● WHAT TO PRODUCE
Make an exact copy of the records, leaving out the images.

Collected data entries:
┌──

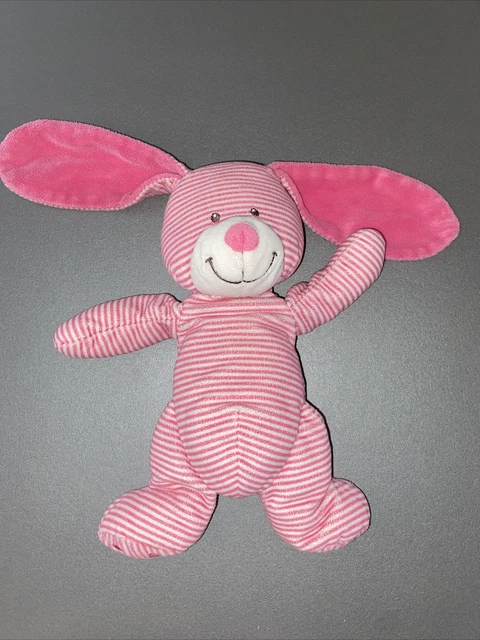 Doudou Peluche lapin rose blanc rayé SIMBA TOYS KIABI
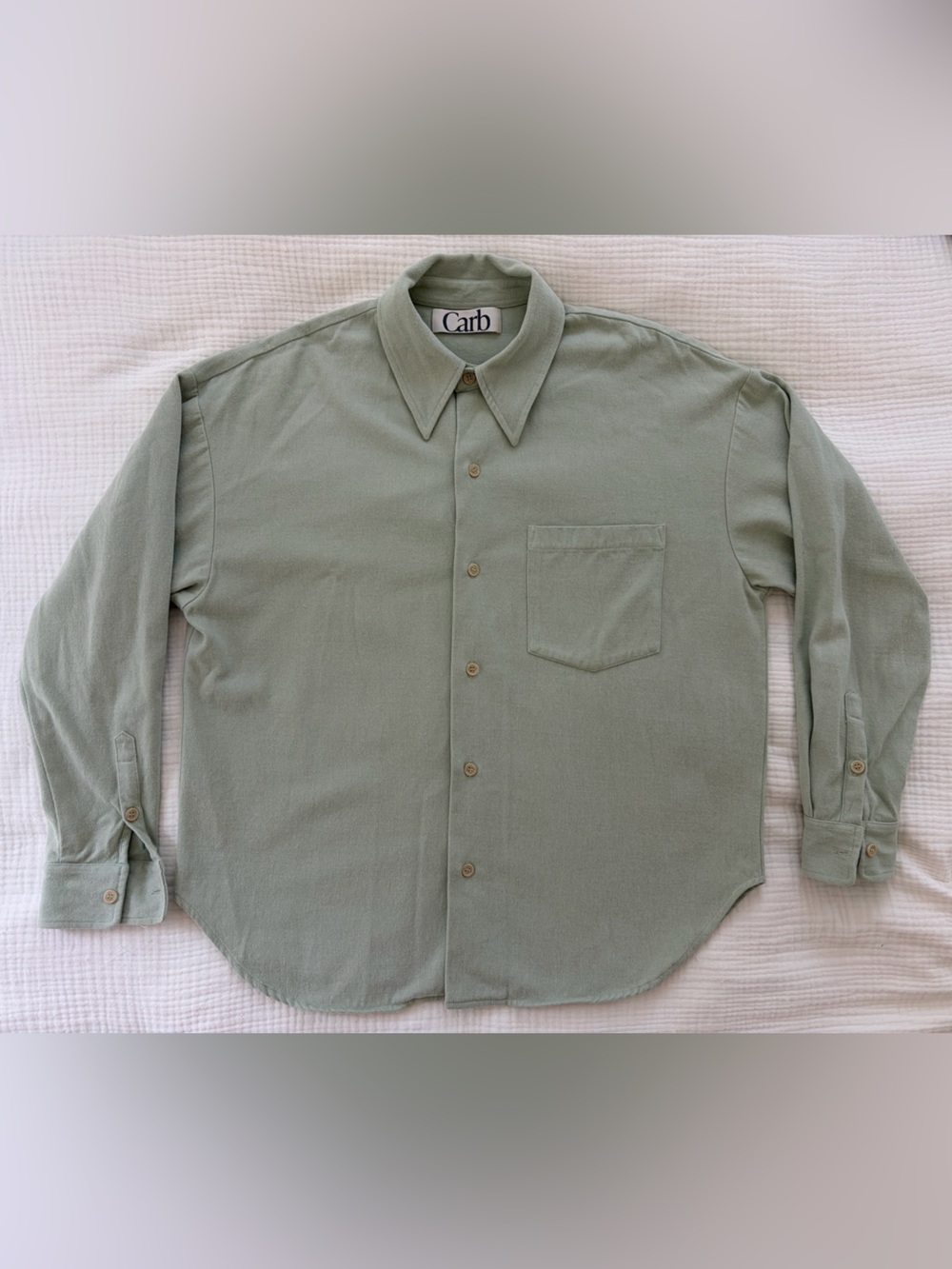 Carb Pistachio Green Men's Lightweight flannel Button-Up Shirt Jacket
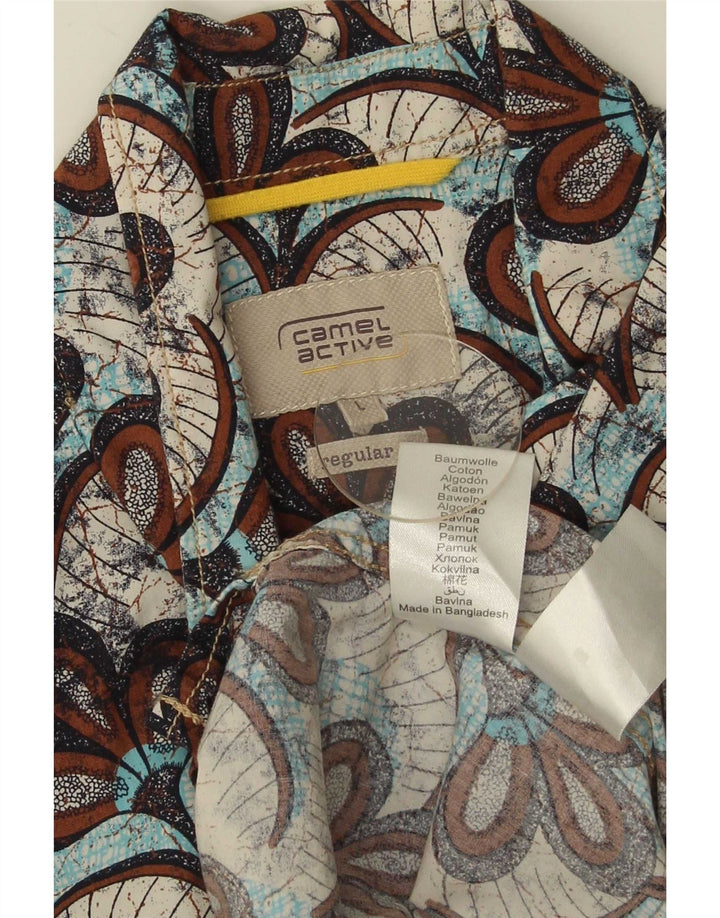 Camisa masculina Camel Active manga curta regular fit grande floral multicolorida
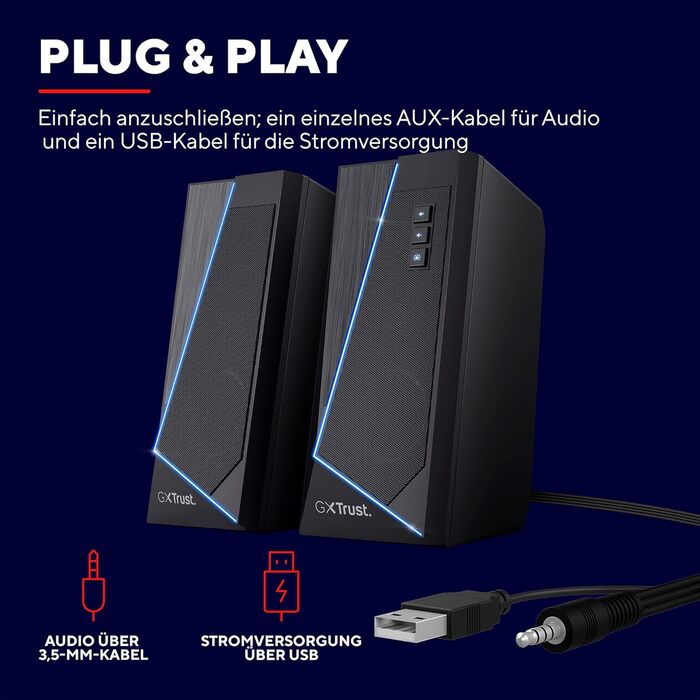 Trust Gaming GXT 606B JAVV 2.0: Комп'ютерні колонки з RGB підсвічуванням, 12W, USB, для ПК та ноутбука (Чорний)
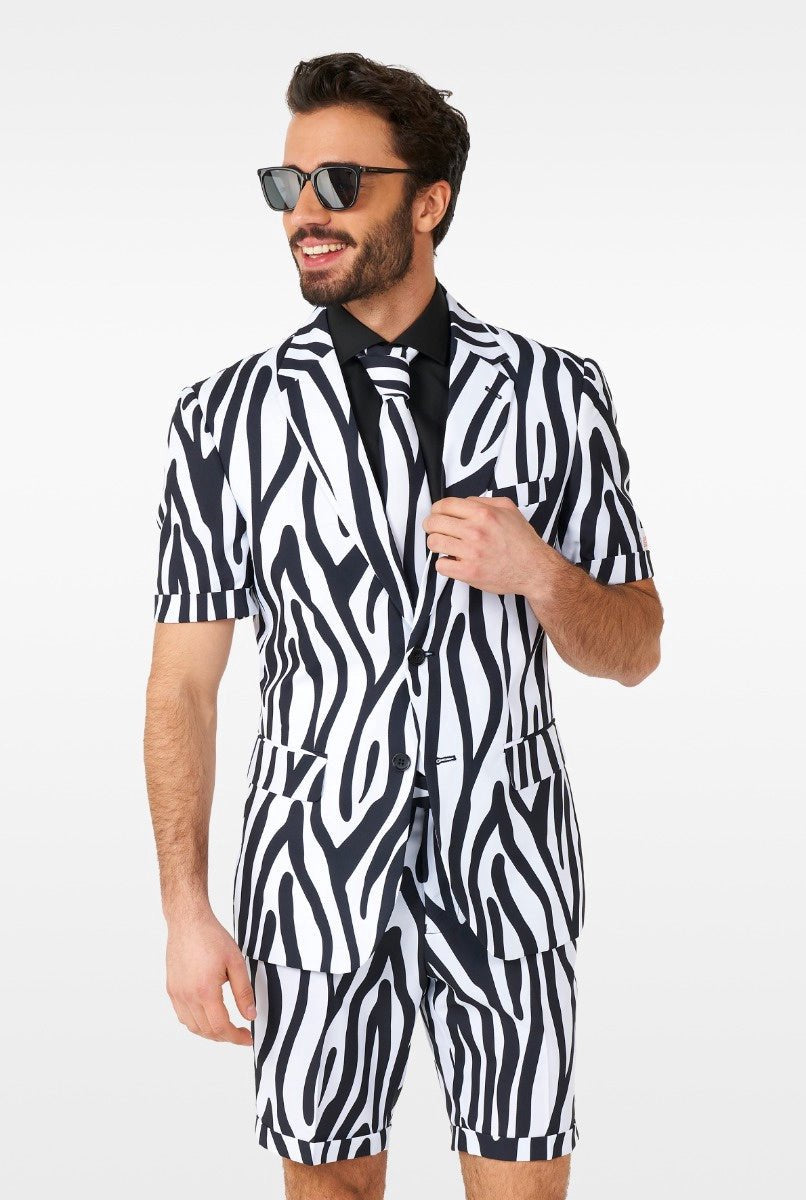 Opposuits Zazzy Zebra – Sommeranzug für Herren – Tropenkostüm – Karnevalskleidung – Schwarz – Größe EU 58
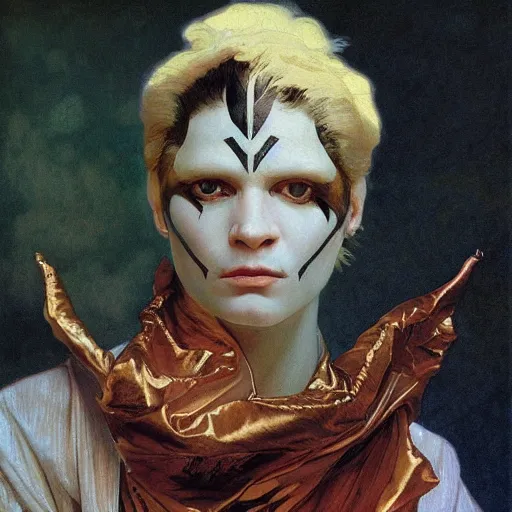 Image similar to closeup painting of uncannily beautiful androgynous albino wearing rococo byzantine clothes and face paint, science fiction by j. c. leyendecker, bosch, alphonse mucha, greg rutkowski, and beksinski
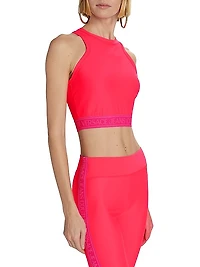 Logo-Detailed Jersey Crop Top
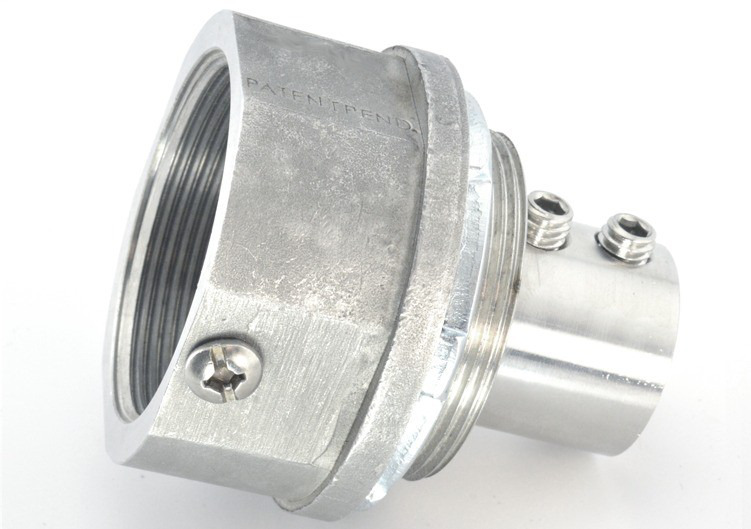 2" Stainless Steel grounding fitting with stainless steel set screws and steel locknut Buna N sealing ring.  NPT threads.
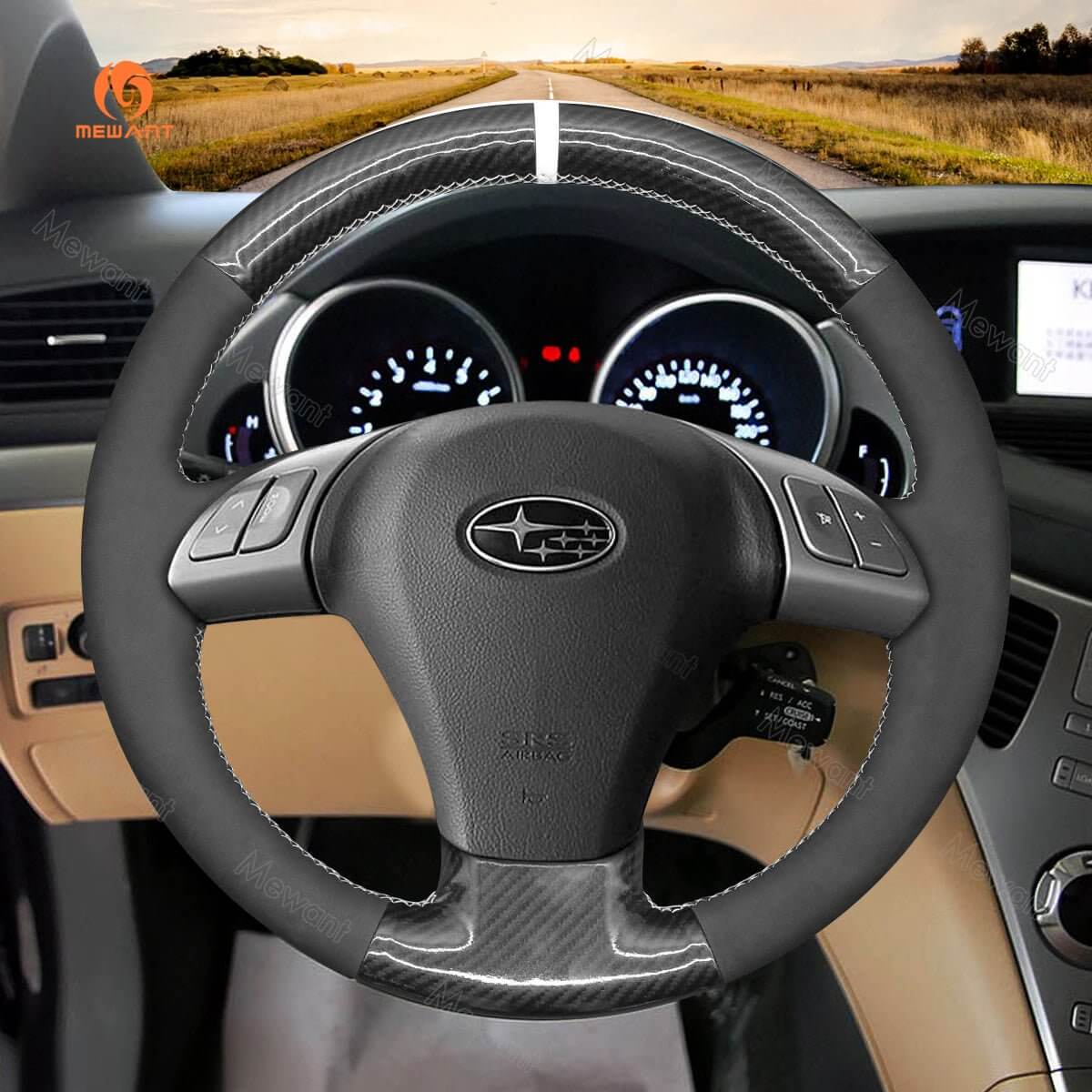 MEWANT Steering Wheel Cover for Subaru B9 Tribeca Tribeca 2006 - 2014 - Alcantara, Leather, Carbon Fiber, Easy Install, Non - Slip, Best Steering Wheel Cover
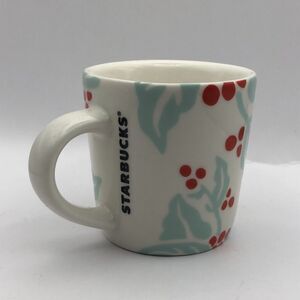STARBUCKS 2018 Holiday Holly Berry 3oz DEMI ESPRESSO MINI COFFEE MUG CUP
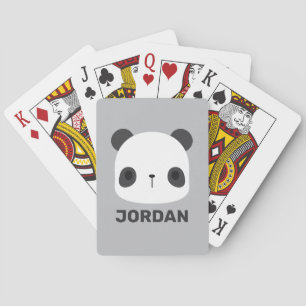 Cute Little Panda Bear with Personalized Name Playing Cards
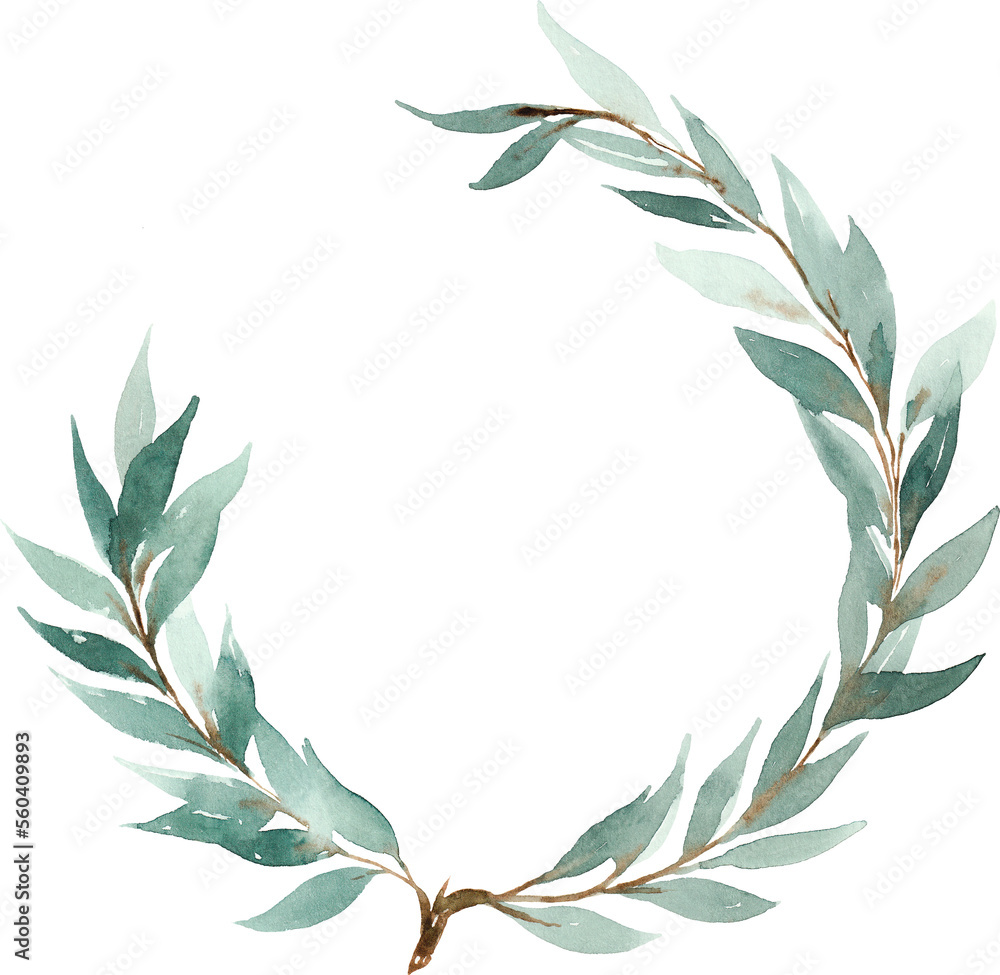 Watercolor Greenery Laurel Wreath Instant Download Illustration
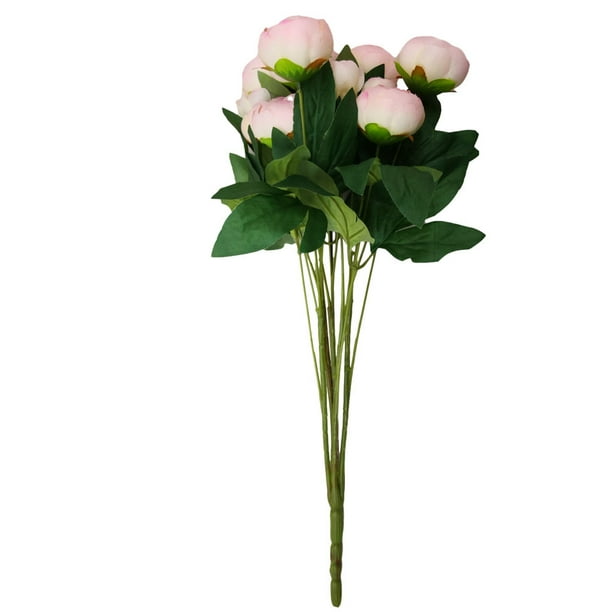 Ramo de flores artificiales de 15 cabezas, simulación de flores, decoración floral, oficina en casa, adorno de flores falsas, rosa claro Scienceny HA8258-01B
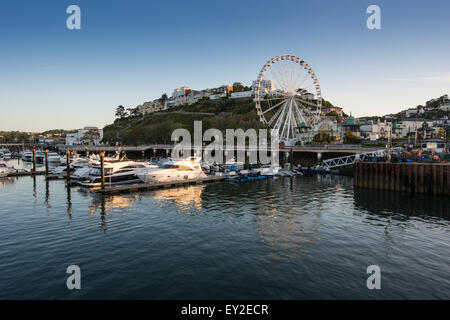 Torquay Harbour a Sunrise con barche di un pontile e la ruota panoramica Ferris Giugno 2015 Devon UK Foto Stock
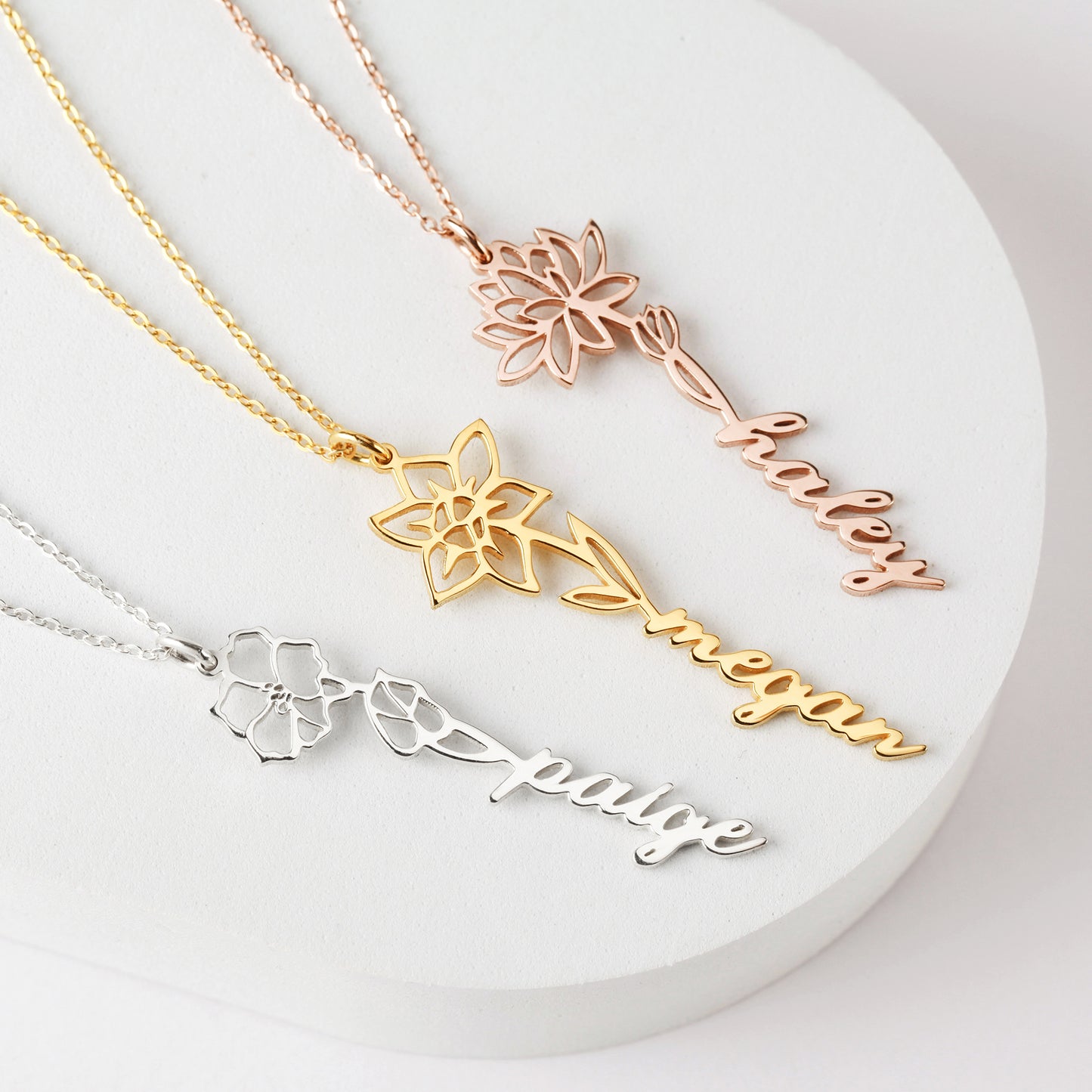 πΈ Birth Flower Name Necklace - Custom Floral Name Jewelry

└──

● SOLUTION
 Doudou Peluche lapin rose blanc rayé SIMBA TOYS KIABI
 Carb Pistachio Green Men's Lightweight flannel Button-Up Shirt Jacket
 Camisa masculina Camel Active manga curta regular fit grande floral multicolorida
 Trust Gaming GXT 606B JAVV 2.0: Комп'ютерні колонки з RGB підсвічуванням, 12W, USB, для ПК та ноутбука (Чорний)
 Opposuits Zazzy Zebra – Sommeranzug für Herren – Tropenkostüm – Karnevalskleidung – Schwarz – Größe EU 58
 Image similar to closeup painting of uncannily beautiful androgynous albino wearing rococo byzantine clothes and face paint, science fiction by j. c. leyendecker, bosch, alphonse mucha, greg rutkowski, and beksinski
 Logo-Detailed Jersey Crop Top
 2" Stainless Steel grounding fitting with stainless steel set screws and steel locknut Buna N sealing ring.  NPT threads.
 MEWANT Steering Wheel Cover for Subaru B9 Tribeca Tribeca 2006 - 2014 - Alcantara, Leather, Carbon Fiber, Easy Install, Non - Slip, Best Steering Wheel Cover
STARBUCKS 2018 Holiday Holly Berry 3oz DEMI ESPRESSO MINI COFFEE MUG CUP
 Cute Little Panda Bear with Personalized Name Playing Cards
 Watercolor Greenery Laurel Wreath Instant Download Illustration
 Ramo de flores artificiales de 15 cabezas, simulación de flores, decoración floral, oficina en casa, adorno de flores falsas, rosa claro Scienceny HA8258-01B
 Torquay Harbour a Sunrise con barche di un pontile e la ruota panoramica Ferris Giugno 2015 Devon UK Foto Stock
 πΈ Birth Flower Name Necklace - Custom Floral Name Jewelry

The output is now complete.